Abnormal Glucose Metabolism and High-Energy Expenditure in Idiopathic Pulmonary Arterial Hypertension

Gustavo A Heresi  1 Steven K Malin  2 Jarrod W Barnes  2 Liping Tian  2 John P Kirwan  2   3 Raed A Dweik  1   2
Affiliations

Abnormal Glucose Metabolism and High-Energy Expenditure in Idiopathic Pulmonary Arterial Hypertension

Gustavo A Heresi et al. Ann Am Thorac Soc. 2017 Feb.

Abstract

Rationale: Insulin resistance has emerged as a potential mechanism related to the pathogenesis of idiopathic pulmonary arterial hypertension (IPAH). However, direct measurements of insulin and glucose metabolism have not been performed in patients with IPAH to date.

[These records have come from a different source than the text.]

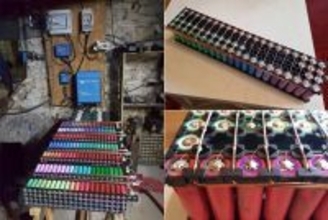 ノートPCのバッテリー1000個以上と太陽光発電で自宅の電力を8年以上まかなってきた男性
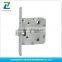 round square steel forend magnetic latch deadbolt 60mm backset wood mortise door lock body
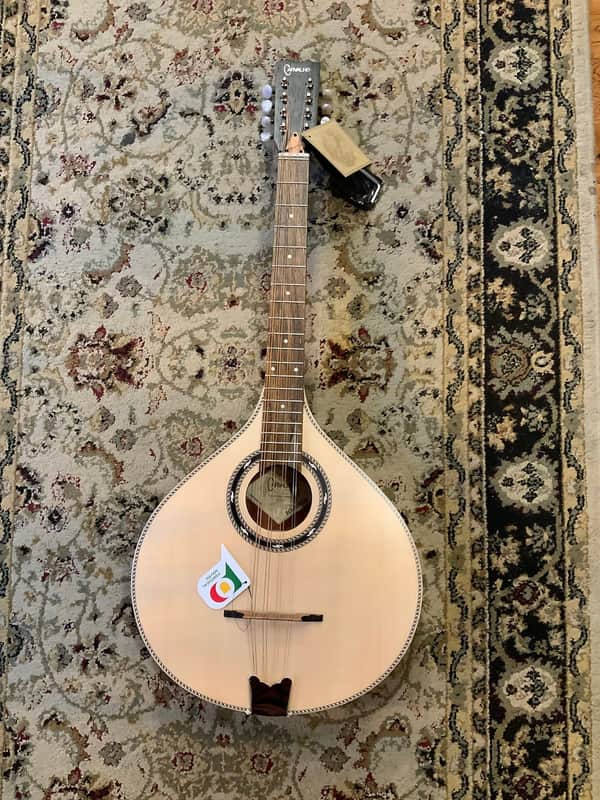 Carvalho MOC308 Octave Mandolin Spruce, pickup & rigid bag image 1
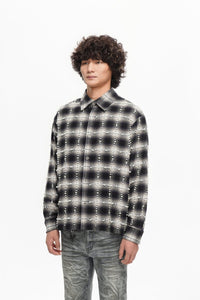 Routine Black Button Down - Valabasas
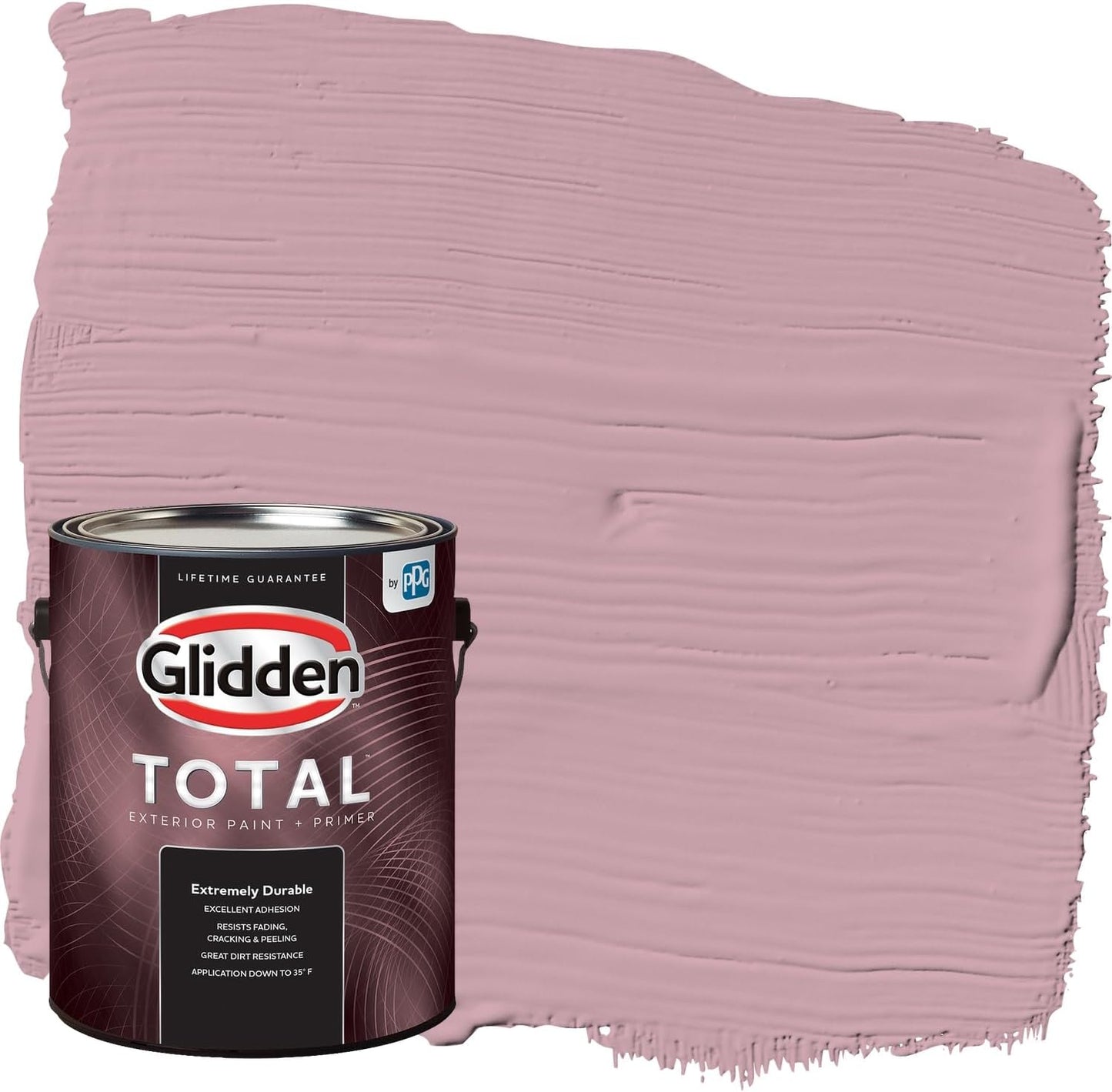 Glidden Exterior Paint + Primer: Pink/Ballet Slipper, One Coat, Semi-Gloss, 1-Gallon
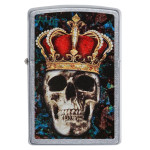Зажигалка Zippo (Зиппо) Skull King Design 49666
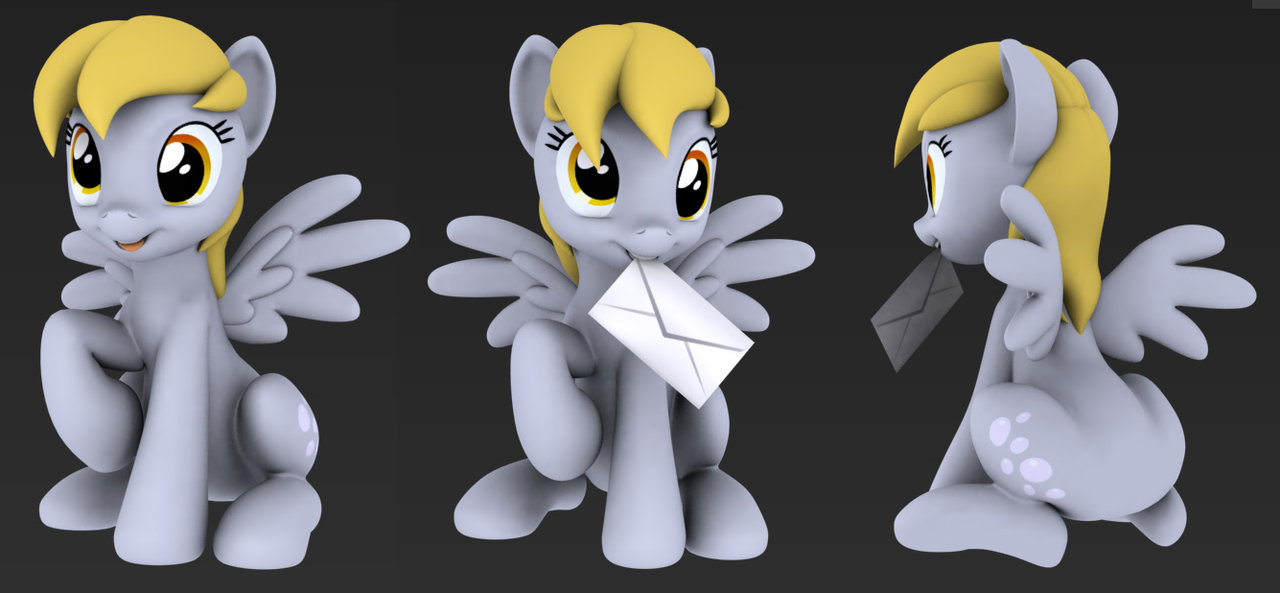 Hashbro's 3D Pony Models.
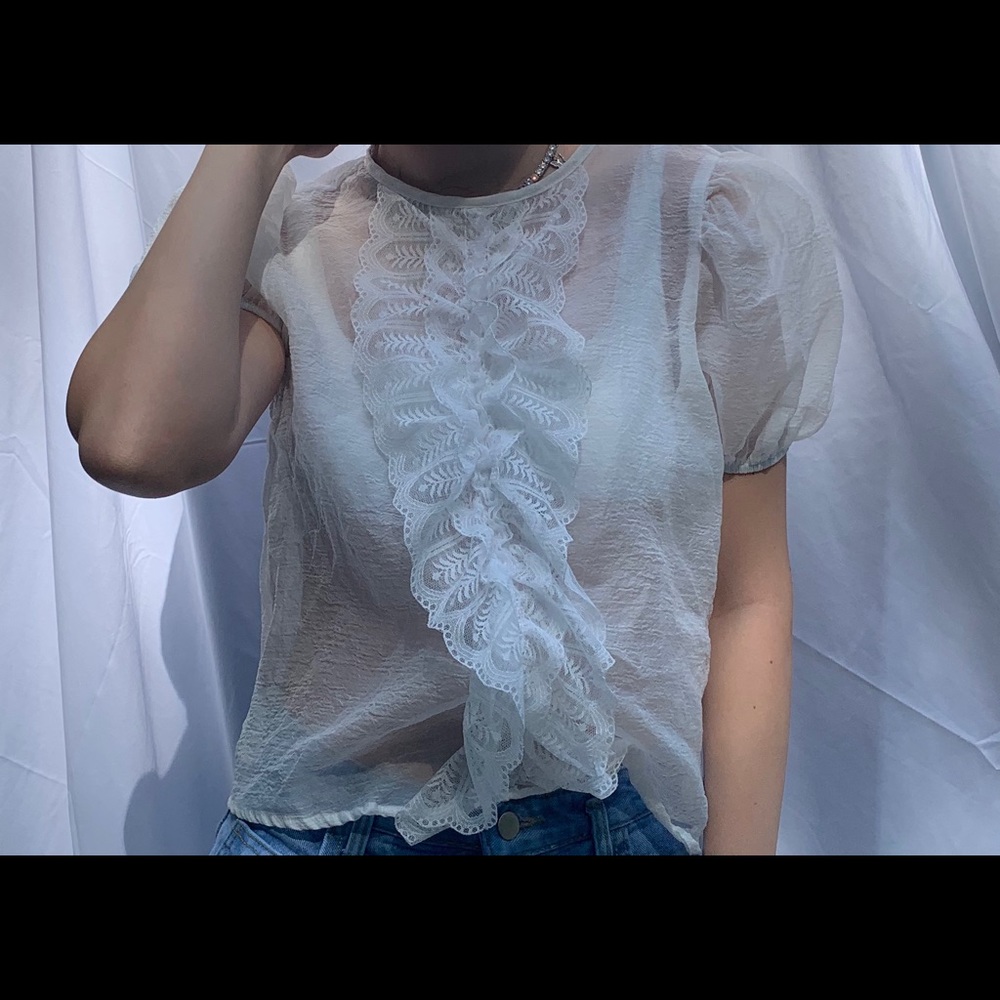 sheet white blouse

Objectives: To perform comprehensive metabolic phenotyping of humans with IPAH.

Methods: We assessed plasma insulin and glucose, using an oral glucose tolerance test and estimated insulin resistance, and β-cell function in 14 patients with IPAH and 14 control subjects matched for age, sex, blood pressure, and body mass index. Body composition (dual-energy X-ray absorptiometry), inflammation (CXC chemokine ligand 10, endothelin-1), physical fitness (6-min walk test), and energy expenditure (indirect calorimetry) were also assessed.

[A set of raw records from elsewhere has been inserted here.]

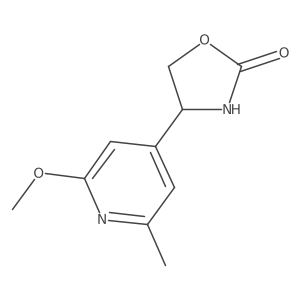 4-(2-Methoxy-6-methylpyridin-4-yl)-1,3-oxazolidin-2-one结构式
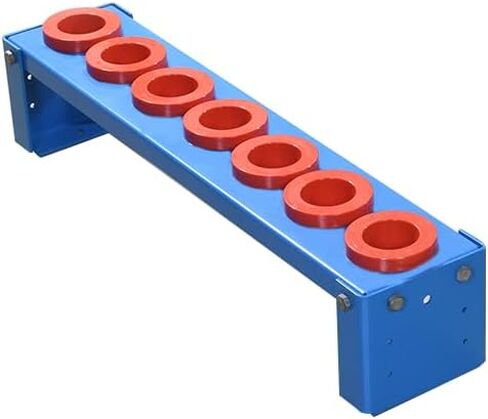 Uratech CNC Tool holder rack | HSK63A - HSK63C - HSK63E | Cold rolled steel – 16 Gauge | Powder coated finish | Lista Blue color | 7 holders capacity | Made in USA in Saudi Arabia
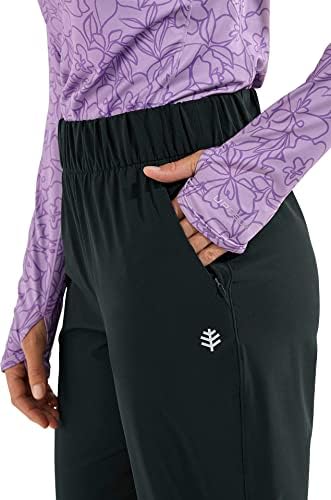 Coolibar UPF 50+ ženskih sprinterskih sportskih hlača - zaštitno od sunca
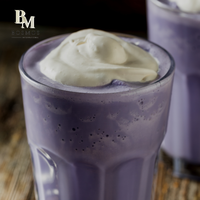 Poudre d'Ube Pure Bosmos 1kg – Certifiée HALAL/HACCP, Ingrédient pour Bubble Tea et Thé au Lait, Origine Taïwan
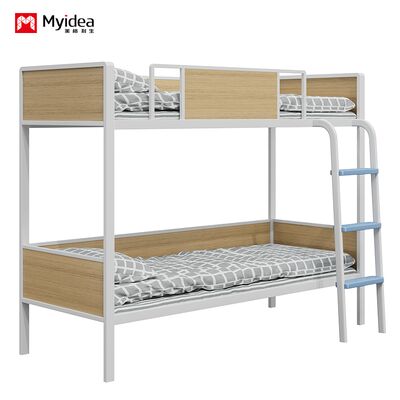 خرید سفارشی سازی Myvidea آپارتمان تخت تخت با لوله های ضخیم، تخت کودکان مدرسه، تخت دو لایه ای online manufacture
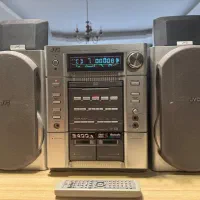 سیستم صوتی خانگی JVC با کیفیت صدای خوب -ضبط و پخش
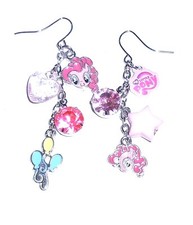 My Little Pony Girl's Pinkie Pie Mismatched Charms Drop Earrings - NWT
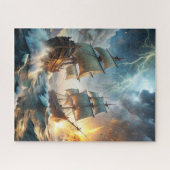 海に浮かぶ船2隻 ジグソーパズル (横)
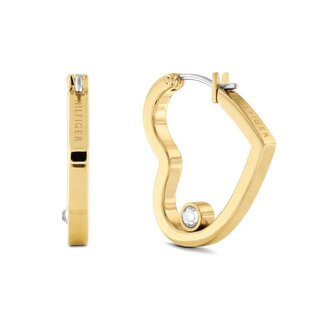 Půvabné pozlacené náušnice Srdíčka Minimal Hearts 2780753 Tommy Hilfiger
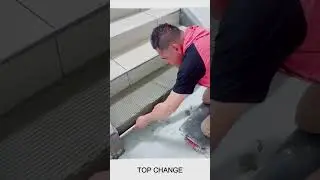 The process of install stair step ceramic tile #tools #machine #short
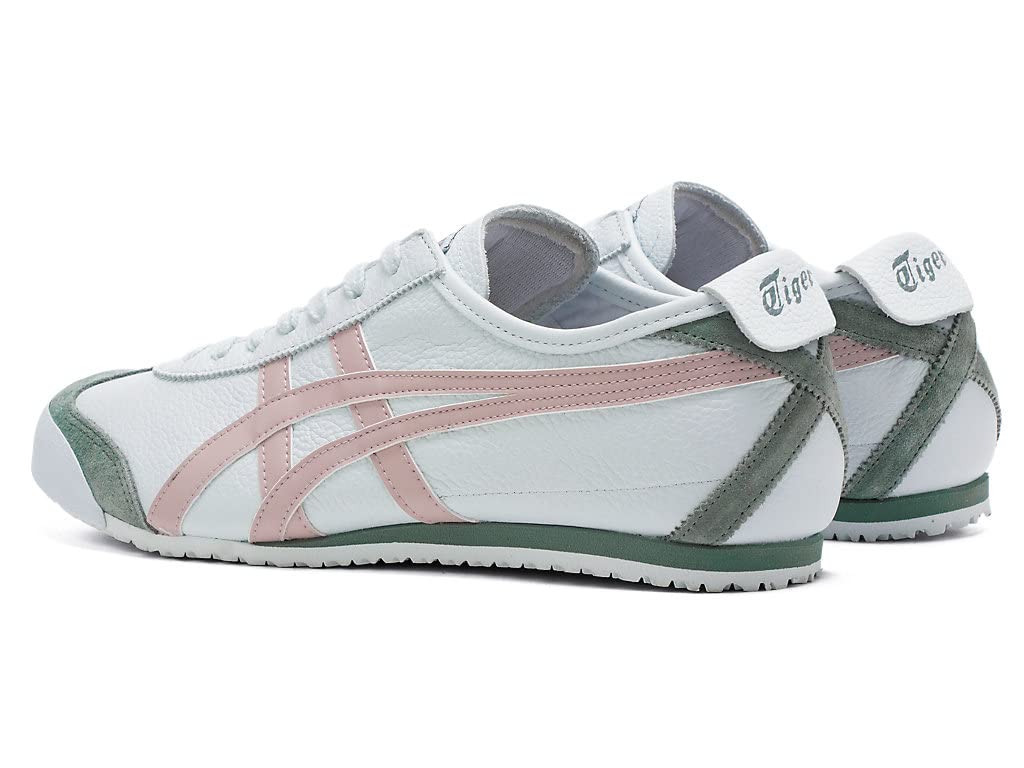 Onitsuka Tiger Mexico 66 Women's Sneakers - Classic White & Red Athletic Shoes for Running, Walking & Casual Wear | Retro Style Comfortable Fashion Sneakers for Women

Measurements and main results: Patients with IPAH had a higher rate of impaired glucose tolerance (57 vs. 14%; P < 0.05) and reduced glucose-stimulated insulin secretion compared with matched control subjects (IPAH: 1.31 ± 0.76 μU/ml⋅mg/dl vs. control subjects: 2.21 ± 1.27 μU/ml⋅mg/dl; P < 0.05). Pancreatic β-cell function was associated with circulating endothelin-1 (r = -0.71, P < 0.01) and CXC chemokine ligand 10 (r = -0.56, P < 0.05). Resting energy expenditure was elevated in IPAH (IPAH: 32 ± 3.4 vs. control subjects: 28.8 ± 2.9 kcal/d/kg fat-free mass; P < 0.05) and correlated with the plasma glucose response (r = 0.51, P < 0.01). Greater insulin resistance was associated with reduced 6-minute walk distance (r = 0.55, P < 0.05).

Conclusions: Independent of age, sex, blood pressure, and body mass index, patients with IPAH have glucose intolerance, decreased insulin secretion in response to glucose, and elevated resting energy expenditure. These abnormalities are associated with circulating markers of inflammation and vascular dysfunction.

Keywords: energy expenditure; glucose metabolism disorder; pulmonary hypertension.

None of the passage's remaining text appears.